HPCD took the lead in addressing these barriers by forming a synergistic partnership that included the West Virginia University Office of Health Services Research, the WV Academy of Family Physicians, Quality Insights, and the Wigner Institute for Advanced Pharmacy Practice, Education, and Research. Together they created the WV Health Connection (, an initiative whose goal is to build and strengthen clinic/community linkages for enhanced chronic disease prevention and control with a focus on diabetes. This shared agenda served as the foundational driver for collective action that was made possible through the CDC's 1305 funding support along with additional support by the Health Policy Research Consortium, a federally-funded informatics organization that is focused on providing software infrastructure for research. The partners began by determining an implementation approach. This approach incorporated three distinct but related components. The first was leveraging electronic health records (EHRs) to identify patients with diabetes who could then be referred to community-based prevention programs, especially NDPP. The second was to increase the availability of NDPP sites throughout the state. The third component was to provide an online platform to enhance the linkage between primary care and community programming. To power WV Health Connection, the partners chose Workshop Wizard, a software based on its reputation as being a proven system for tracking and reporting lifestyle prevention and management data across points of care and also it's widespread use among partners in the mid-Atlantic and southwestern United States. The implementation approach also included the identification and engagement of four intervention regions that had sufficient infrastructure to serve as partner sites for both planning and implementation, a substantial diabetes burden, and a commitment to diabetes prevention. The presence of these factors would increase the likelihood of an observable impact in multiple WV regions within the five-year CDC funding period. This implementation approach led to the following strategies:

  • Collaborated with 13 primary care systems in the four targeted regions to use their EHR data to identify patients at-risk for diabetes and who would be appropriate candidates for referral to NDPP. These 13 systems served approximately 143,000 patients in 2013, when this effort began.
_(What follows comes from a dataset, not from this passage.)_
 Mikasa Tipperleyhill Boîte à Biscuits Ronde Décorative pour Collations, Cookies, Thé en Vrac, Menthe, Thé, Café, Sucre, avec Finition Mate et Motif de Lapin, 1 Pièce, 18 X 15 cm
  • Established four new NDPP sites, inside the focus regions of the state, beginning in 2015 for improved state coverage.

  • Established five agreements to-date to participate with WV Health Connection in each of the four priority regions beginning in 2016. The use of WV Health Connection provided an accessible, easy to use platform that linked clinics and communities to work ensuring closed-loop referral systems and essential data sharing.

In less than five years, this collaborative implementation approach strengthened WV clinic/community linkages for diabetes prevention and control in the following ways.

  • The improved use of EHR data resulted in approximately 10,000 patients newly identified as at-risk for diabetes among collaborating clinics.

  • Exceeded the target number of persons with pre-diabetes or at high risk for type 2 diabetes who enroll in CDC-recognized lifestyle change program. (Target 214, Actual 698)

  • Four new community-based health sites are working towards NDPP recognition. West Virginia is supporting these sites to be successful and add to the four locations already at full CDC recognition status.

  • A cohort of partner sites spread across 15 locations in the focus regions have begun implementing the WV Health Connection to best support the process of engaging providers, enrolling patients, and securely tracking, reporting, and sharing data across partners. In addition, WV Health Connection is being rolled out across the state.


  1. Baus, A., Wood, G., Pollard, C., Summerfield, B., White, E. (2013). Registry-based diabetes risk schema for systematic identification of patients at risk for diabetes in West Virginia primary care centers. Perspectives in Health Information Management, 10(Fall): 1f.